'The outcome is a meticulously-researched account of the period from 1916, when Quakers first negotiated entry into Russia to help refugees.' Photo: Book cover of Friends and Comrades: How Quakers helped Russians survive famine and epidemic, by Sergei Nikitin.
Friends and Comrades: How Quakers helped Russians survive famine and epidemic, by Sergei Nikitin
Author: Sergei Nikitin. Review by Daphne Sanders.
A century ago, British and US Quakers were amid the turmoil of the revolution in Russia, providing help to starving people. Today there is again strife and war in Europe. Sergei Nikitin’s book, translated by Suzanne Eades-Roberts, comes at a useful time.

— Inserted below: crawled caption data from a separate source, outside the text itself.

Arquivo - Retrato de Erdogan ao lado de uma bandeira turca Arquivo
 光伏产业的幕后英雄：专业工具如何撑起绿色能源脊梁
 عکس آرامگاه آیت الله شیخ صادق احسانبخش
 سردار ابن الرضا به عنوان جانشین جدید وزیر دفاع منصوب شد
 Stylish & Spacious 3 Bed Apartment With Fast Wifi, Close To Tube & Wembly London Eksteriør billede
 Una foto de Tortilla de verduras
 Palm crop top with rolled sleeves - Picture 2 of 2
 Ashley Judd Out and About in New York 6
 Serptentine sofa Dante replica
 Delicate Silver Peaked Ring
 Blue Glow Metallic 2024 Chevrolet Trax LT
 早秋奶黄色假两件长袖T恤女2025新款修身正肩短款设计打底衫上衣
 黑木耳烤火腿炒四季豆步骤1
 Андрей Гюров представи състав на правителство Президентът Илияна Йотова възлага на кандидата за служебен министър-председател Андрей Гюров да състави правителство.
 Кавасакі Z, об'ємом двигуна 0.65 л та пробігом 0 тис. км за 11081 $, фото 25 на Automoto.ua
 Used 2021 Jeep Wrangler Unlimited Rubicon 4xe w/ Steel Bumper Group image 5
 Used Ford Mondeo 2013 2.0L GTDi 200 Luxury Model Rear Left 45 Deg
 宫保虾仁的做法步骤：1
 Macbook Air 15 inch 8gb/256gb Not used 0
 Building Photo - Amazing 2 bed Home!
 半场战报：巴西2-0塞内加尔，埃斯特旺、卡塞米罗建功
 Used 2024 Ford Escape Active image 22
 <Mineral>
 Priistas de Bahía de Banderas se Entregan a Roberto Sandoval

Sergei Nikitin grew up in the Soviet Union and became a Quaker after its fall. From 2003 he worked as the head of Amnesty International in Russia until he retired to the UK in 2017. In 1993, he heard for the first time about the Quaker famine relief in his country, and began years of enquiry through archives in Russia, the UK and USA. He was able to talk with some very elderly survivors, who had vivid memories of the Quakers who came to help them.
The outcome is a meticulously-researched account of the period from 1916, when Quakers first negotiated entry into Russia to help refugees. They built on those relationships of trust to carry out an ambitious programme of famine relief, credited with saving the lives of 400,000 people.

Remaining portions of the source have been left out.